## Exercise prompt
Write out the records word for word, with no pictures.

(Supplied records Opens)

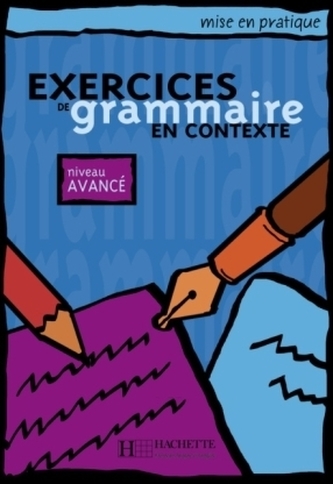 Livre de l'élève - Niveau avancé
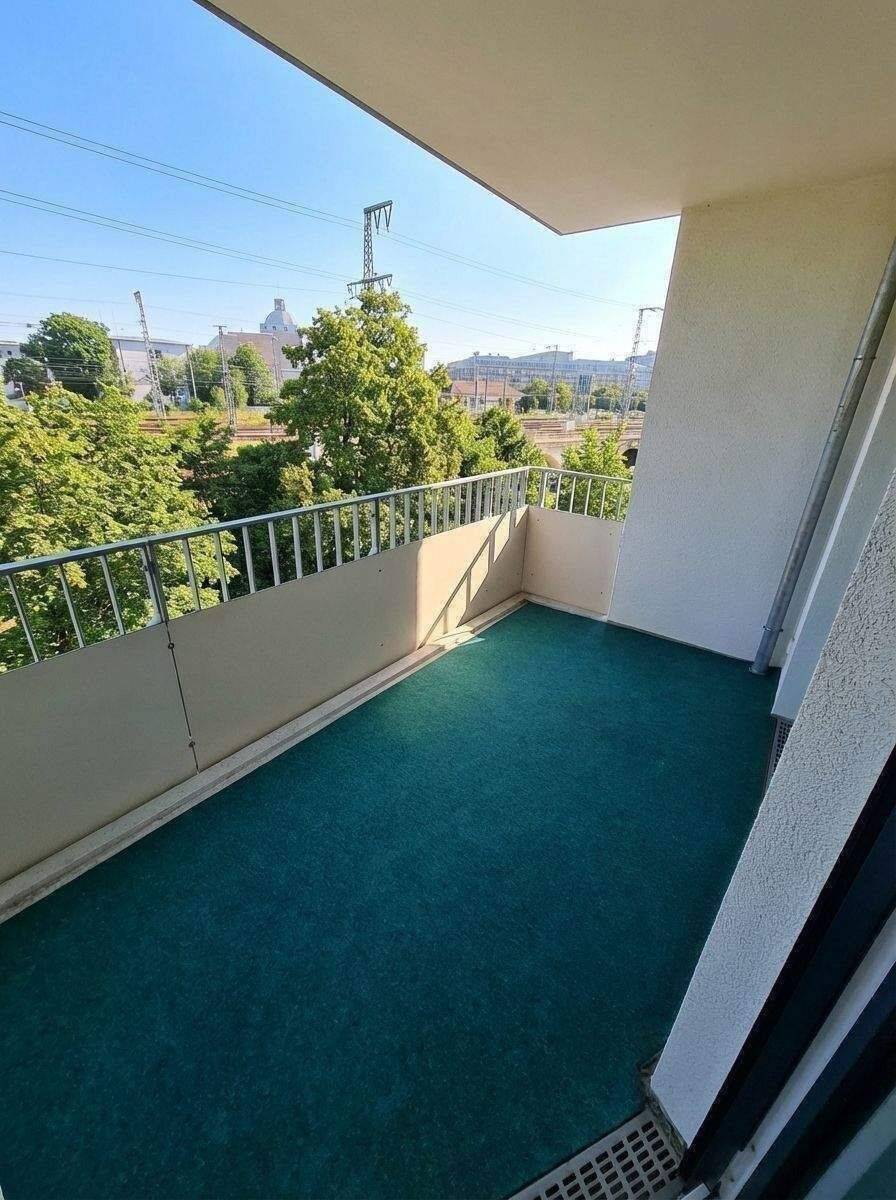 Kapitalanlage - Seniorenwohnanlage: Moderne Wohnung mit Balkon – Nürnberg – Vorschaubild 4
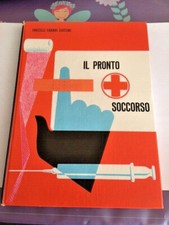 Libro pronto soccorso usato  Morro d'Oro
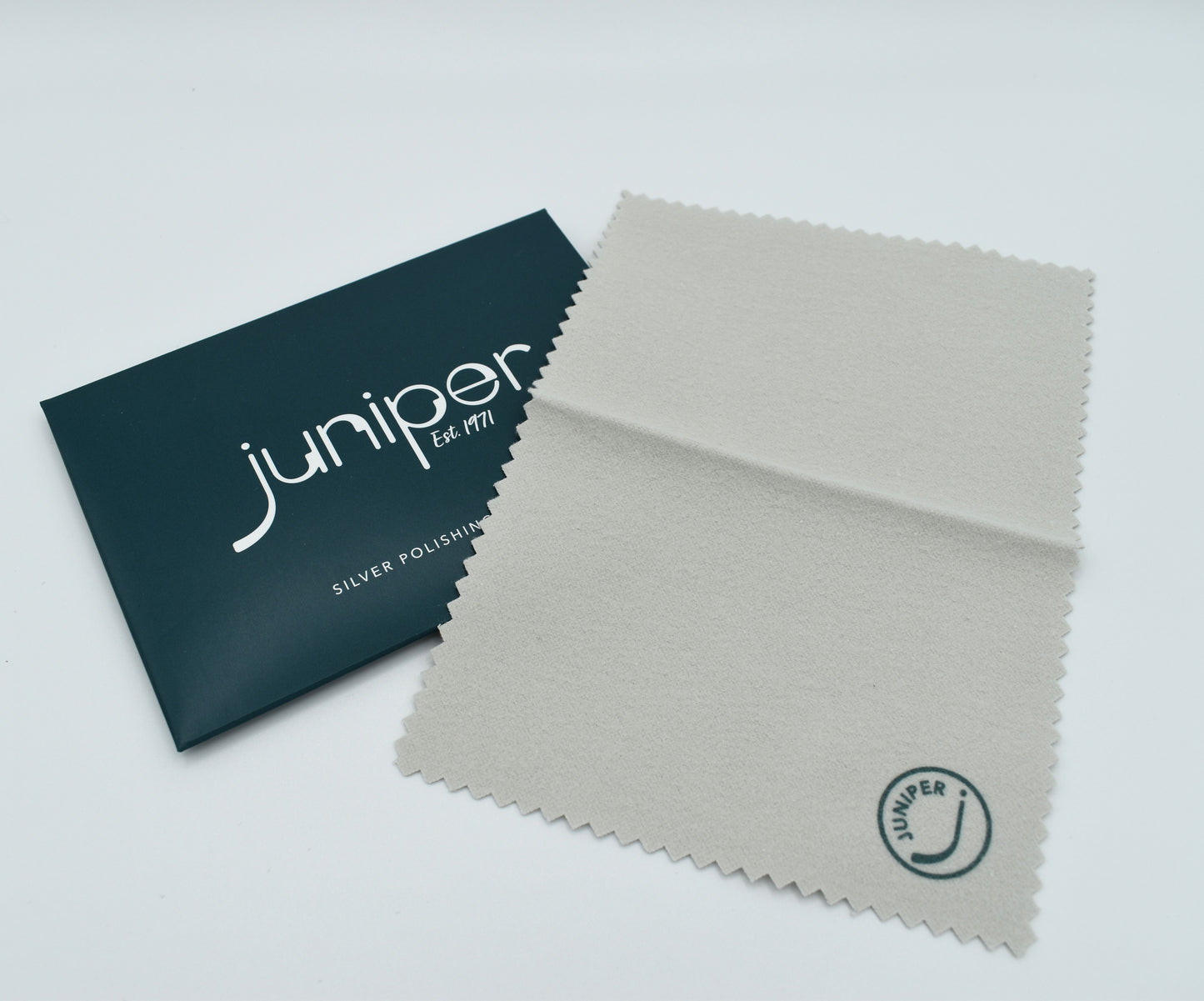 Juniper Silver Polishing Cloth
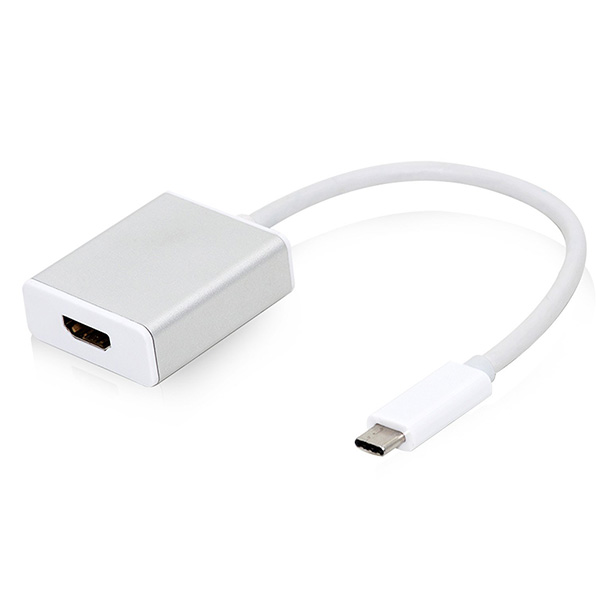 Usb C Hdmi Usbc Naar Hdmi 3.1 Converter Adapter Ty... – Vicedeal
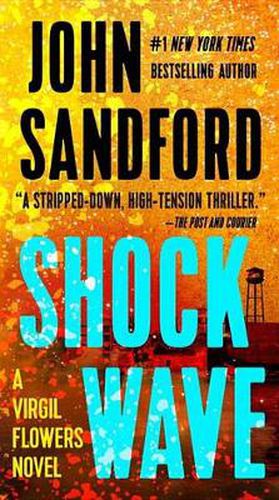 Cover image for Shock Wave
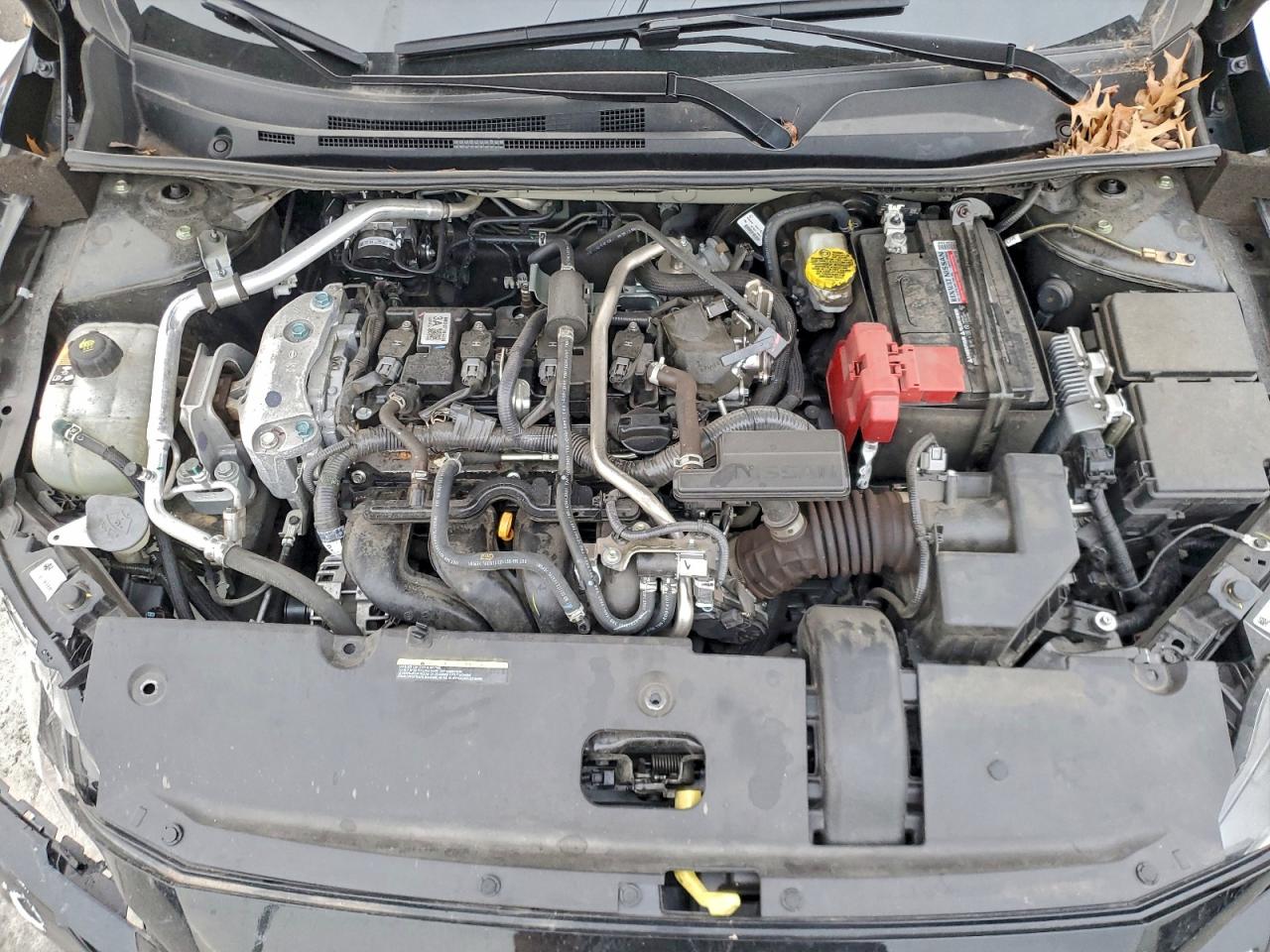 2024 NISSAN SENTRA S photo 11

(Supplied records Closes)

## Output
 Livre de l'élève - Niveau avancé
 Kapitalanlage - Seniorenwohnanlage: Moderne Wohnung mit Balkon – Nürnberg – Vorschaubild 4
 Libro pronto soccorso usato  Morro d'Oro
 Juniper Silver Polishing Cloth
 Usb C Hdmi Usbc Naar Hdmi 3.1 Converter Adapter Ty... – Vicedeal
 Cover image for Shock Wave
 2024 NISSAN SENTRA S photo 11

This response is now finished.